When seen as one character, rather than thirteen  “regenerations,” the protagonist becomes a complex, dynamic character. A character, while racing through time and space, who remains anchored to his (and her) companions. They exert a force on him (and her!), changing him even as he changes them. That’s the very essence of a plot moving forward.

The two most common reasons why a manuscript is rejected is a plot without enough tension, and characters that are not fully developed.  I often use this workshop exercises in my classes, adapted from Donald Maass’s Writing the Breakout Novel, to help explore character dimensions. First, write a small paragraph detailing your protagonist’s defining quality.

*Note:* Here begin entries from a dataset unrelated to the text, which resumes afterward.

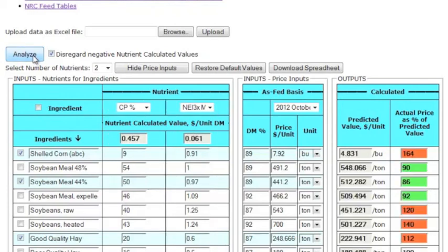If you want to save or print your results, click the Download Spreadsheet button, and the values will be downloaded to your computer as a spreadsheet. You can also use the spreadsheet to enter and edit data, and then to upload it back into the online tool.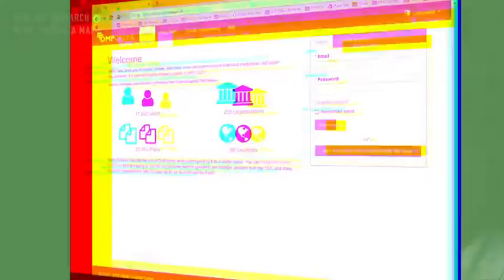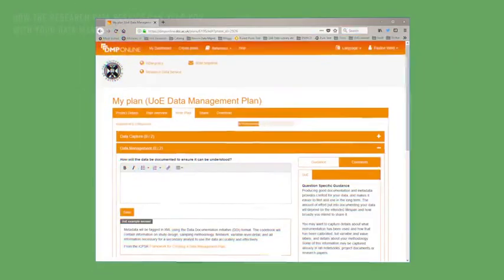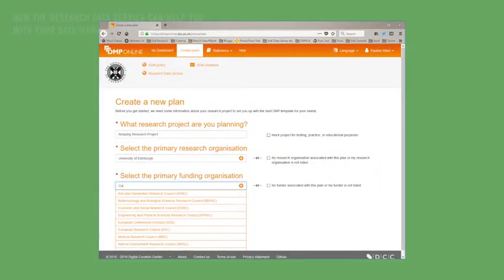There are a number of ways the research data support team can help researchers with writing a data management plan. First of all, we have an online training module in our Mantra training course that you can take at your own pace. We also have advice on our website and a library of sample plans, so we may be able to find something close to your discipline or project size that would make a good example.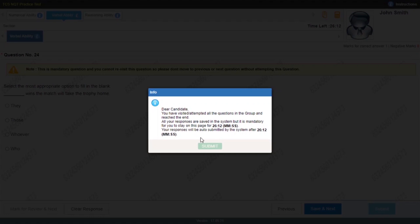Here again I have to wait for another 26 minutes to proceed further — after 26 minutes the timer will stop and my submit button will be active.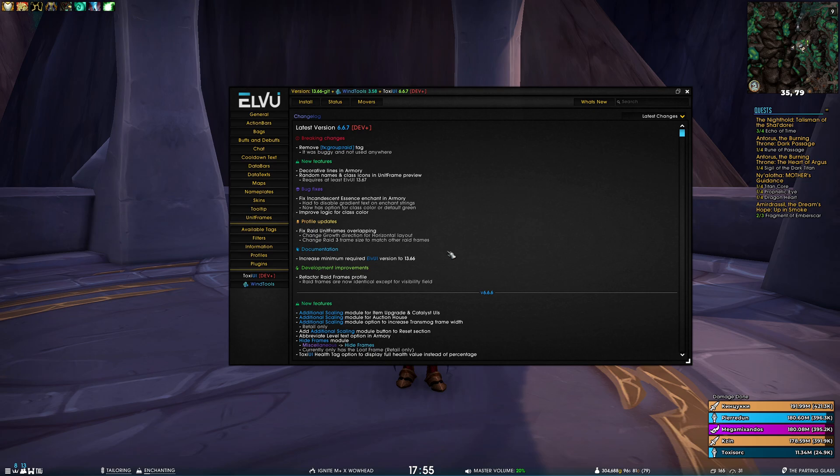First off, for the breaking changes, we have removed the Toxie UI group tag. If you were using it, it's no longer available and it will just show you a simple string.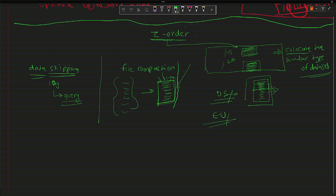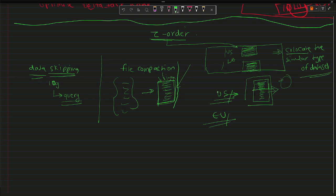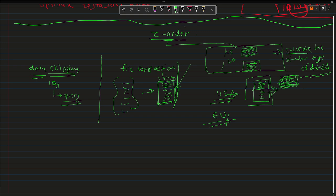Z-order won't create any physical partition or subfolders like partitioning does — it will just co-locate the data and reorganize it within the existing partition. When it reorders, it tries to co-locate similar type of datasets together. For example, within US using latitude and longitude columns in Z-order, it co-locates those datasets so that later while querying, it will skip irrelevant data and scan only what is required.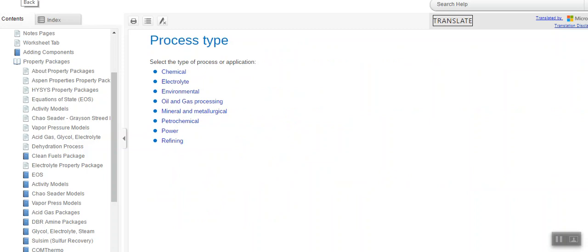So this is how you can select the property package — either by using the Method Assistant, by using the flowsheet, or by combining both. You will see that whatever information is given in the flowsheet is also depicted in the Method Assistant. If you have any queries, please reply in the comment section, like the video, subscribe to the channel, and provide feedback. In the next video we will be generating steam tables. Thank you so much.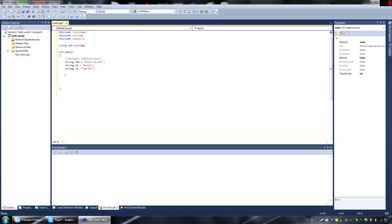Now, what we're going to do with these variables: the first one we'll just print out to the command window, and then we're actually going to add the second two together and print those out as well. To print, we use cout with the double angle brackets. Everything you print that's not going to be a variable has to be within quotation marks. Since we're printing a variable, we just go cout << hw, then endl to end that line and start another. If you don't have the endl, everything smashes together on a single line.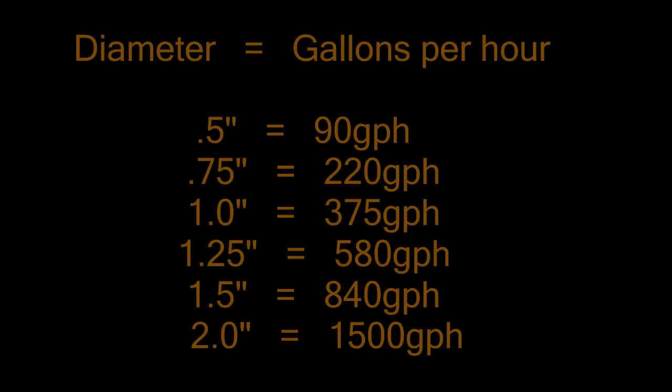The reason being is because if one overflow clogs or gets plugged or something like that, a fish does get sucked into it, something like that, you can simply have the rest of the flow go to the alternate overflow without causing your tank to flood.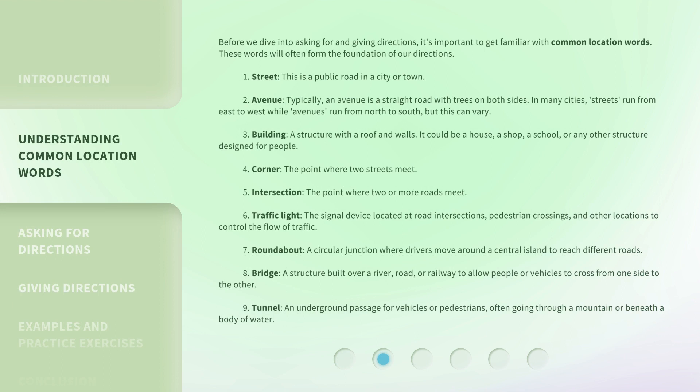Before we dive into asking for and giving directions, it's important to get familiar with common location words. These words will often form the foundation of our directions. 1. Street: a public road in a city or town. 2. Avenue: typically a straight road with trees on both sides. In many cities, streets run from east to west, while avenues run from north to south, but this can vary. 3. Building: a structure with a roof and walls — it could be a house, a shop, a school, or any other structure designed for people.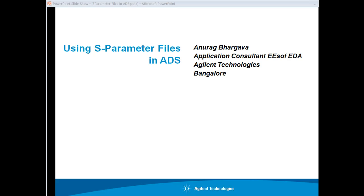This short tutorial video about using S-Parameter files in ADS focuses on two aspects of S-Parameters. Number one: how to export S-Parameter files from ADS S-Parameter simulations so that it can be ported to other applications.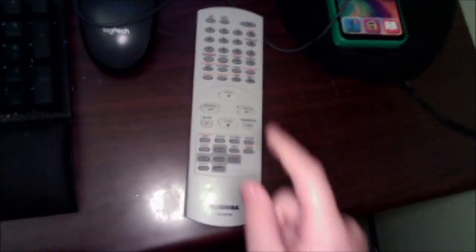This is the remote. It has the Toshiba logo, which means that it's made by Toshiba. You can use these numbers to change channels.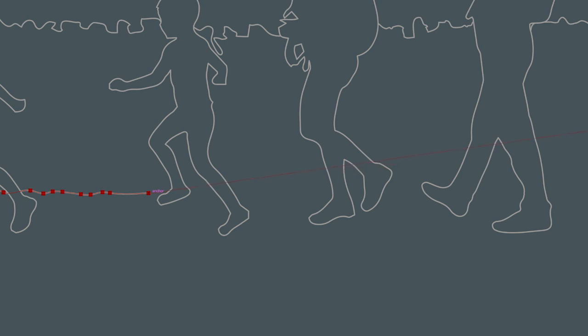Now if I let go just here, let go of the mouse then let go of the alt or option key, you get a straight line.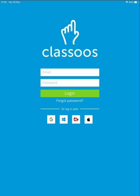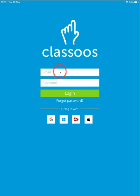If you use other email providers, such as Yahoo, you should set a Classus password before you log in for the first time. Click on Forgot Password and follow the instructions on the screen. From then on, you will need to type your email address and password that you've just set up and click Log in to enter the app.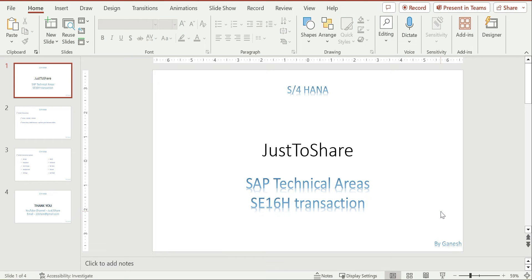Hello friends, this is Ganesh, hope you are doing great. In this video we are going to see a new transaction in SAP towards HANA. Whenever there is a new product or release from application companies, they provide additional features — that may be at a code level, functionality level, or in SAP at the transaction level as well.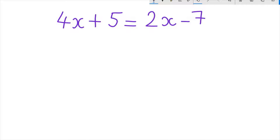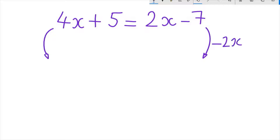4x plus 5 equals 2x minus 7. First, we subtract 2x from both sides of the equation, to have all the x on the left hand side of the equation.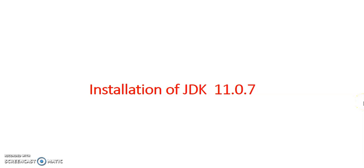Hello everyone, this is Vinu Gopal. Today we are going to see the installation of JDK 11.0.7.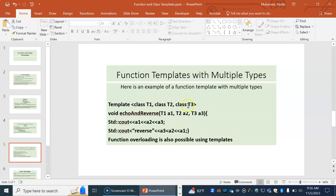You can also have multiple types in a template because we can pass parameters of different types and provide different type names. For example, a function can take three different types of parameters — one could be an integer, another a double, the third a string or objects — and print them in different orders. We can also do function overloading, where a function of the same name has different types. Though if we have function templates, we reduce the need for overloading.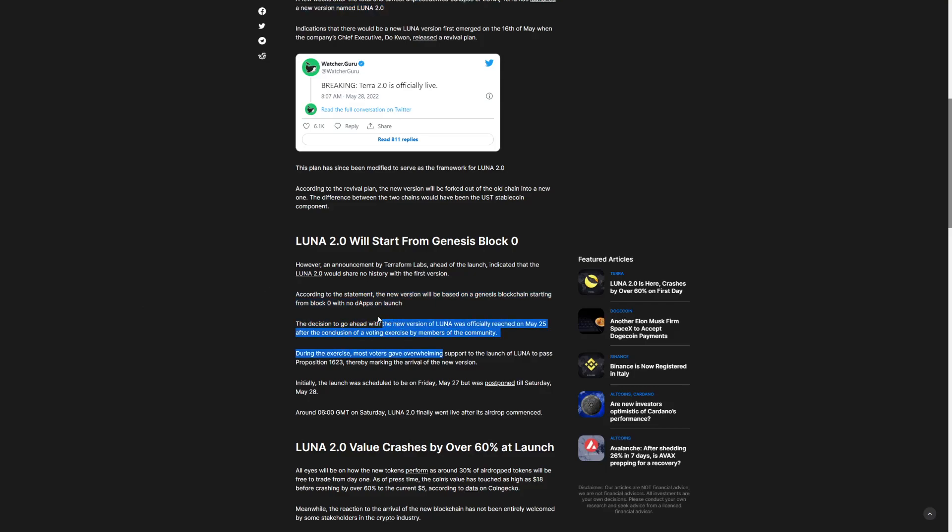During this exercise, the decision to go ahead with a new version of Luna was officially reached on May 25th at conclusion of the voting exercise by members of a community. During the exercise, most voters gave overwhelming support to launch Luna to pass the proposition 1623, thereby making the arriving of new version.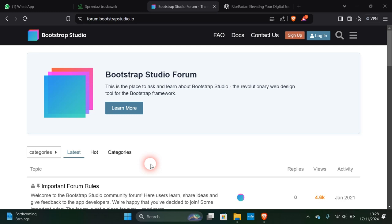I thought I'd make a quick video about how many sites I could find that have been made in Bootstrap Studio. I've done this using the Bootstrap Studio forum, and I found the grand total of six.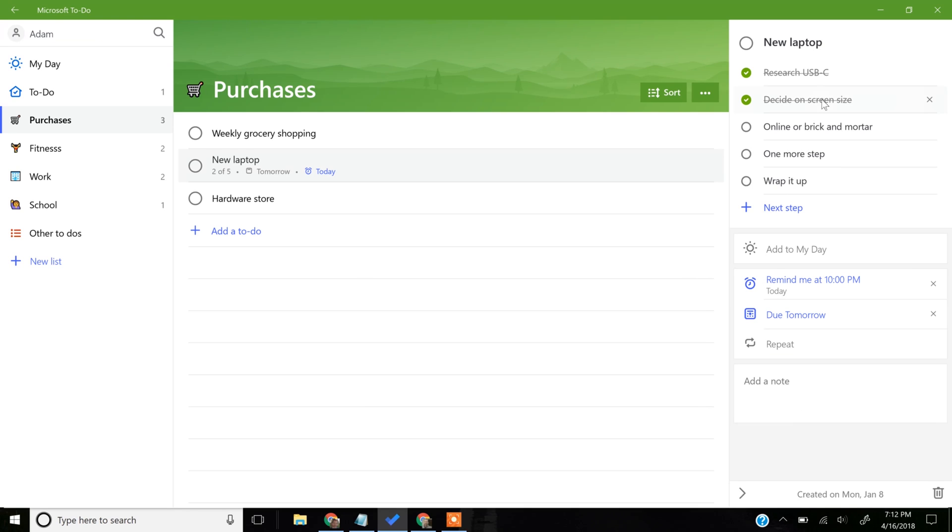This is the most granular level of activity. It's categorized under Purchases. It's a new laptop To-Do. Then, the step is to decide whether or not I buy it online or actually go to a store.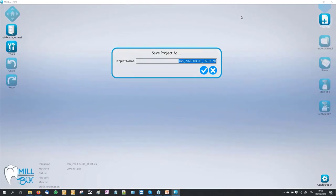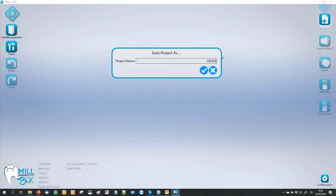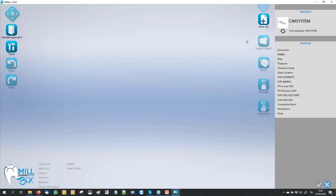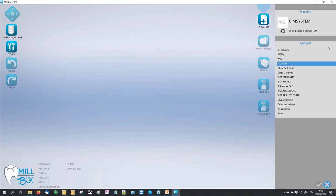We can start with a new job. The software proposes a name for our job, but of course we can introduce our personal job name. This is automatically opened — this is the right bar. The software shows us how many machines we have in our configuration. Now I have only a fantasy machine, chain system.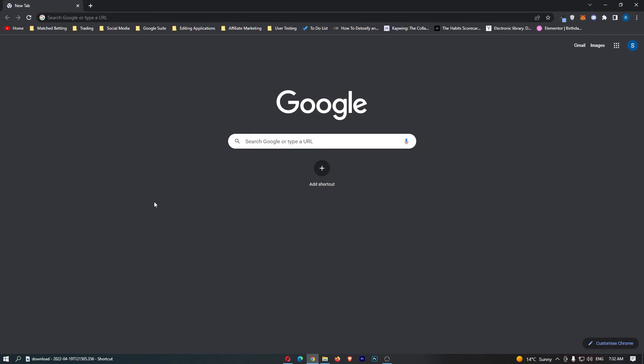How to automatically clear cookies when you close your Google browser. This video is going to be a complete step-by-step tutorial, so if you follow along by the end of this video, you will be able to automatically clear cookies when you close your Chrome browser.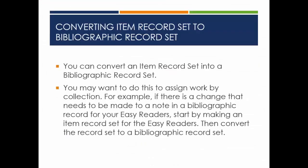You can convert an item record set into a bibliographic record set. You may want to do this to assign work by collection. For example, if there is a change that needs to be made to a note in a bibliographic record for your Easy Readers, start by making an item record set for the Easy Readers, then convert the record set to a bibliographic record set.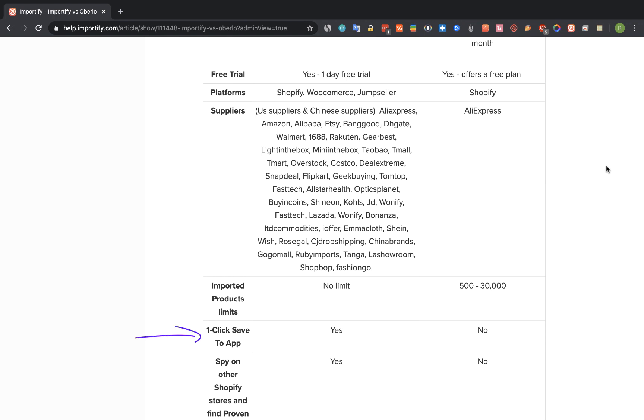The one click save to app is a feature that exists on Importify and not in Oberlo. In fact, with Oberlo you need to go through two steps when importing a product and with Importify it can be done with just a click from the supplier site itself.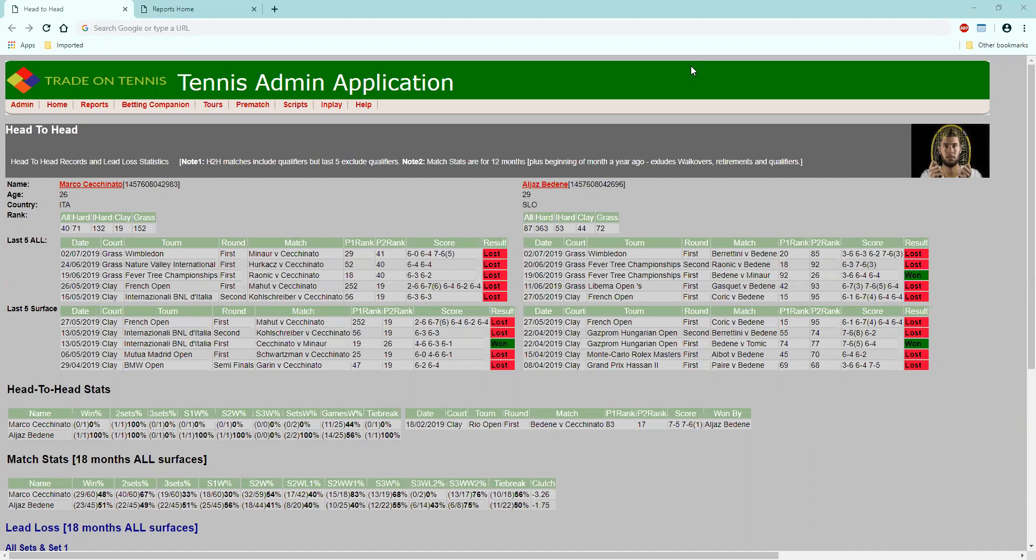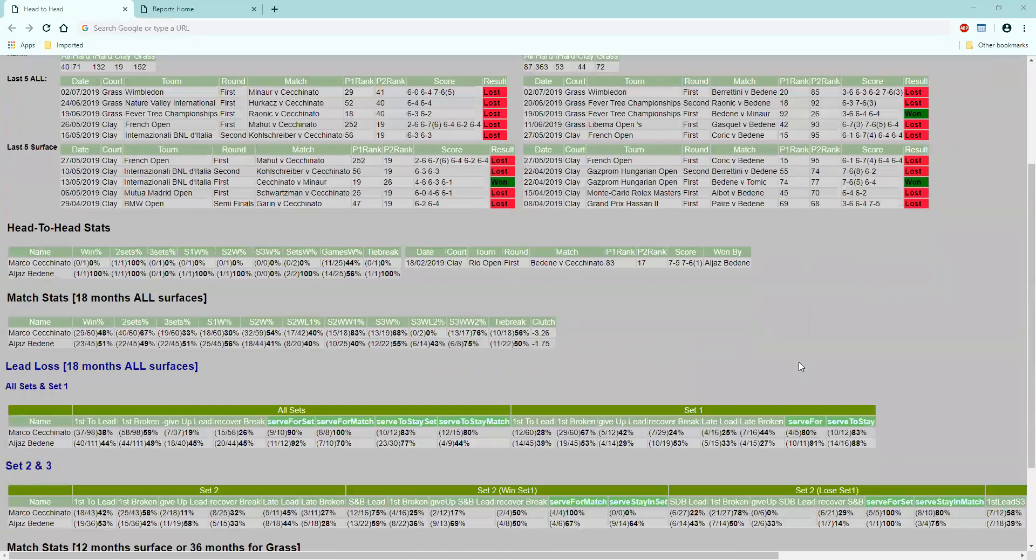There's some epic clay court stuff that goes on on these courts. Anyway, let's have a look at this match. You can see both guys are badly out of form - five match losing streak there for Seti Nato, but Badin's not much better, winning one of the last five. Head-to-head they met earlier this year, there was a close one in Rio on the dirt as well.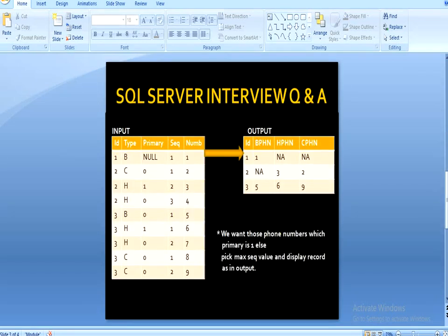Here we have an input table, and this table is related to phone numbers. You can see it contains 5 columns: first is ID, then the phone type, then primary, then sequence, and then the phone number.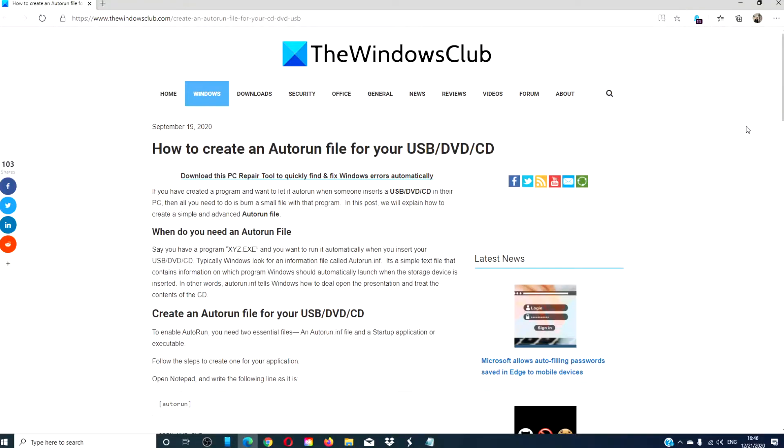Hello Windows Universe! In this video we will look at how to create an autorun file for your USB, DVD, or CD. For a more in-depth look at the topic, we will link an article in the description down below that will go much more into depth.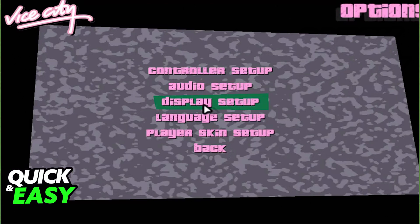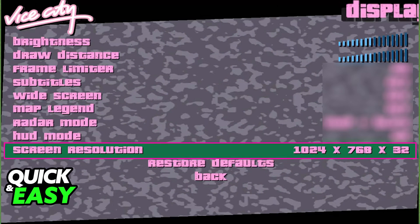If you have the old one, all that you have to do is open it up, go into the options, and then select the display setup option as I've highlighted here. When you go into display setup, you will be able to find the screen resolution at the bottom. You can choose from any resolution compatible with your monitor, and as long as you select it from this window and apply the changes, the entire game will be adjusted to the screen resolution that you selected.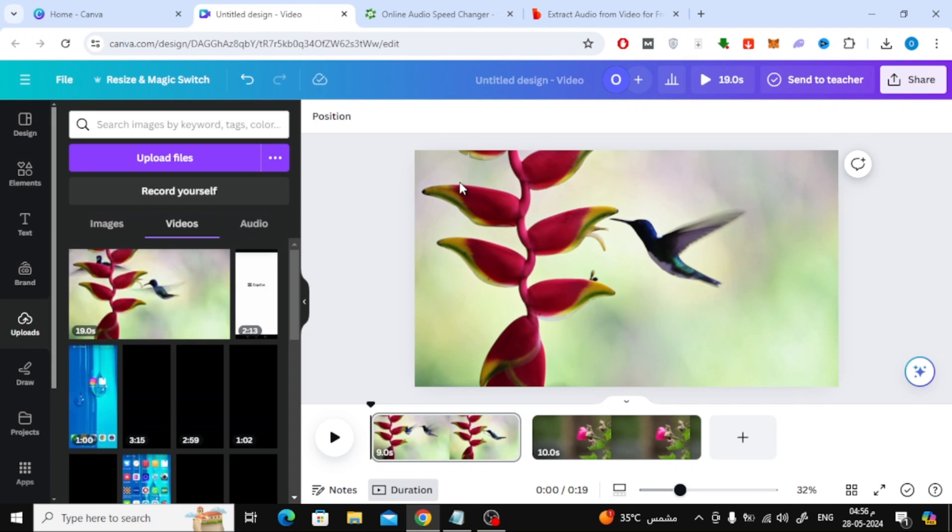In this video, I will show you how to speed up audio in Canva. Unfortunately, there is not yet a feature in Canva that allows you to speed up an audio clip. So, we will need to use an external tool to solve this problem.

What trait is most prominent in her/his personality? Second, being as objective as possible, what is the opposite of that quality? Third, write a paragraph in which your protagonist actively demonstrates the opposite quality you noted in the second part.

The Importance of Backstory

Important to developing a realized character is his backstory, the history that underlines the situation at the start of the book. Backstory drives the character’s motivations. It is primarily the character’s wounds that become the core of his emotive journey and drives his choices. Choices that move the plot forward. Such wounds are so deep and organic that they ultimately define how the character sees the universe.

And the Doctor has had 57 TV years of backstory, of accumulating a long lifetime of emotional wounds. As Amy Pond once said of the Eleventh Doctor,
“What if you were really old, and really kind and lonely, your whole race is dead. What couldn’t you do then? If you were that old, and that kind, and the very last of your kind, you couldn’t just stand there and watch children cry.”

Secondary Characters, otherwise known as Companions

At its core, the Doctor's story is about these epic relationships. These secondary characters helped to reveal the best and worst characteristics of the Doctor. The First Doctor was a know-it-all, prickly codger, but his two hearts softened whenever his granddaughter, Susan Foreman, walked into the Tardis. When Adric died during the tenure of the Fifth Doctor, the first long-term companion to die on the Doctor’s watch, the Doctor was stunned and reflective about his mad man in a blue box ways. By the time the Ponds died (during the time of the Eleventh Doctor), he was overwhelmed by his grief and hid away in the clouds. Only the mystery of the Impossible Girl was strong enough to compel him to leave the Tardis.

And these secondary characters were often the vehicle used to escalate the stakes while adding layers to the character, asking the question, “what if?”

What if we went to a museum to see the works of Vincent Van Gogh, and saw a monster in his painting? What if we went back in time to visit the artist, and met the monster lurking in the church?

What if we met a friend in a creepy old building with a garden filled with stone statues? What if these statues were really predatory creatures, and every time you blinked, they moved in for the kill?

What if there were giant whales swimming through space?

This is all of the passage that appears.